Your task is to copy the stretch of lines in the records below that begins with the line containing "افتتاح سایت کامپیوتری" and ends with the line containing "2 Pin Water", exactly as written, with nothing added.

▶ _Items listed in a dataset_
◇ ◇ ◇ ◇ ◇

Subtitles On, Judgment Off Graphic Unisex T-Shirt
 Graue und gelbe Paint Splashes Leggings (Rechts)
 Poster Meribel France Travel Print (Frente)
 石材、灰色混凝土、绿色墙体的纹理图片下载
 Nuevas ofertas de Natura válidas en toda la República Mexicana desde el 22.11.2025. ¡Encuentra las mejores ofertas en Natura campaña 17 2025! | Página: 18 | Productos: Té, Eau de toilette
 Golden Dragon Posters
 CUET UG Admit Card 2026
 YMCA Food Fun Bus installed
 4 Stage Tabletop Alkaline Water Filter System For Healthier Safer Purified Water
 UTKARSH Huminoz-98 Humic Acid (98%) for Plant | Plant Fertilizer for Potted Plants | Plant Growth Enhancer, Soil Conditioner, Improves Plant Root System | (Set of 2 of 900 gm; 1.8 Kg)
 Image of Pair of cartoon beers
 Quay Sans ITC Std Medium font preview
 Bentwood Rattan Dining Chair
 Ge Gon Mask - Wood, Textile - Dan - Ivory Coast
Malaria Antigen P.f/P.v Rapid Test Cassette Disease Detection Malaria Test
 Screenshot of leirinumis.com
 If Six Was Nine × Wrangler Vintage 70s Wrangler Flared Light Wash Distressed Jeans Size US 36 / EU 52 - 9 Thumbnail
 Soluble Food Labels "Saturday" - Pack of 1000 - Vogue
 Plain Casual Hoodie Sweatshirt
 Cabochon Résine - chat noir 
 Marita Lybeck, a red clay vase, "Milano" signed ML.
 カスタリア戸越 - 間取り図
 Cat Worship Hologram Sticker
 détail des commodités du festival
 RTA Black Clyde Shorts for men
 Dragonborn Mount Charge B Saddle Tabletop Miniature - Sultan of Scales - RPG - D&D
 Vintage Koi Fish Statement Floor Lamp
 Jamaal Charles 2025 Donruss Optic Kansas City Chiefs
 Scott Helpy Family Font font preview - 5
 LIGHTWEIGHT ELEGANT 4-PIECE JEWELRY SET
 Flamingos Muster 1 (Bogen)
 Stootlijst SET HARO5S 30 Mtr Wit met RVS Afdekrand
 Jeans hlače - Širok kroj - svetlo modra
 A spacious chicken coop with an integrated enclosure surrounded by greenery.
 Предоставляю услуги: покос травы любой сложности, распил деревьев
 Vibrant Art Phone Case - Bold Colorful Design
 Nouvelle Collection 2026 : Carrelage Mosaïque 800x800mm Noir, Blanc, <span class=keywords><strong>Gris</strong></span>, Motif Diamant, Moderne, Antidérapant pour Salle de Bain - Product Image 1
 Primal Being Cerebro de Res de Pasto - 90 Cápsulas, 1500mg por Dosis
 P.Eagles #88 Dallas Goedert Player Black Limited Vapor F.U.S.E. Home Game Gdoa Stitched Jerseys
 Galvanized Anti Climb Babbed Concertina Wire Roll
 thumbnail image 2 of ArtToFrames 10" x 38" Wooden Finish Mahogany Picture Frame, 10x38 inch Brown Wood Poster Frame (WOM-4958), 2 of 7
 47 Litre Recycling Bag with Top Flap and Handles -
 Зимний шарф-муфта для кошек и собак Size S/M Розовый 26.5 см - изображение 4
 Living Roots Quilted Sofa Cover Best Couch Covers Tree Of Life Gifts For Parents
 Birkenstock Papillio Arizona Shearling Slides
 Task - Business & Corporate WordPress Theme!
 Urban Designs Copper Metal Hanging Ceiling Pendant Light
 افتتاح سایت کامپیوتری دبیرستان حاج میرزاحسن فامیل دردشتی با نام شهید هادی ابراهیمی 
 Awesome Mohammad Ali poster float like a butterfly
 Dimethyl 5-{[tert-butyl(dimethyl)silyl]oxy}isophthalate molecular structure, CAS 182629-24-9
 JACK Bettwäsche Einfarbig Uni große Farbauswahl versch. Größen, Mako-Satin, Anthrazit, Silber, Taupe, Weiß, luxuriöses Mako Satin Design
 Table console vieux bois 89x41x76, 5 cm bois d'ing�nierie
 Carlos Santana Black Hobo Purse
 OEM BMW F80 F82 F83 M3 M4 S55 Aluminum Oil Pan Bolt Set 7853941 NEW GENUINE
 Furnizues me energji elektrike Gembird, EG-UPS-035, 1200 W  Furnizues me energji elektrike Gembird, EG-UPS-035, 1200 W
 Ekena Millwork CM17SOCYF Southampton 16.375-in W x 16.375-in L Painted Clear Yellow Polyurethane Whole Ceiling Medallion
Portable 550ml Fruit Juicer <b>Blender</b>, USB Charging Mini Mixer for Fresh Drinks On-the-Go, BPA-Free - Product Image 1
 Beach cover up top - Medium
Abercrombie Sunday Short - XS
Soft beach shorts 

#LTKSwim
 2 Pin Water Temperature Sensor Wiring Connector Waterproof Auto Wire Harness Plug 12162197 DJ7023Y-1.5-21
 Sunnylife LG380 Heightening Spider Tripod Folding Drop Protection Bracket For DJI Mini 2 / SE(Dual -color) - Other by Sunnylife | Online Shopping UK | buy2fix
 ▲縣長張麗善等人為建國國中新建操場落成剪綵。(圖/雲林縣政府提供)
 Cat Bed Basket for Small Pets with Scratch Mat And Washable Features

◇ ◇ ◇ ◇ ◇

▶ _YOUR RESPONSE_
 افتتاح سایت کامپیوتری دبیرستان حاج میرزاحسن فامیل دردشتی با نام شهید هادی ابراهیمی 
 Awesome Mohammad Ali poster float like a butterfly
 Dimethyl 5-{[tert-butyl(dimethyl)silyl]oxy}isophthalate molecular structure, CAS 182629-24-9
 JACK Bettwäsche Einfarbig Uni große Farbauswahl versch. Größen, Mako-Satin, Anthrazit, Silber, Taupe, Weiß, luxuriöses Mako Satin Design
 Table console vieux bois 89x41x76, 5 cm bois d'ing�nierie
 Carlos Santana Black Hobo Purse
 OEM BMW F80 F82 F83 M3 M4 S55 Aluminum Oil Pan Bolt Set 7853941 NEW GENUINE
 Furnizues me energji elektrike Gembird, EG-UPS-035, 1200 W  Furnizues me energji elektrike Gembird, EG-UPS-035, 1200 W
 Ekena Millwork CM17SOCYF Southampton 16.375-in W x 16.375-in L Painted Clear Yellow Polyurethane Whole Ceiling Medallion
Portable 550ml Fruit Juicer <b>Blender</b>, USB Charging Mini Mixer for Fresh Drinks On-the-Go, BPA-Free - Product Image 1
 Beach cover up top - Medium
Abercrombie Sunday Short - XS
Soft beach shorts 

#LTKSwim
 2 Pin Water Temperature Sensor Wiring Connector Waterproof Auto Wire Harness Plug 12162197 DJ7023Y-1.5-21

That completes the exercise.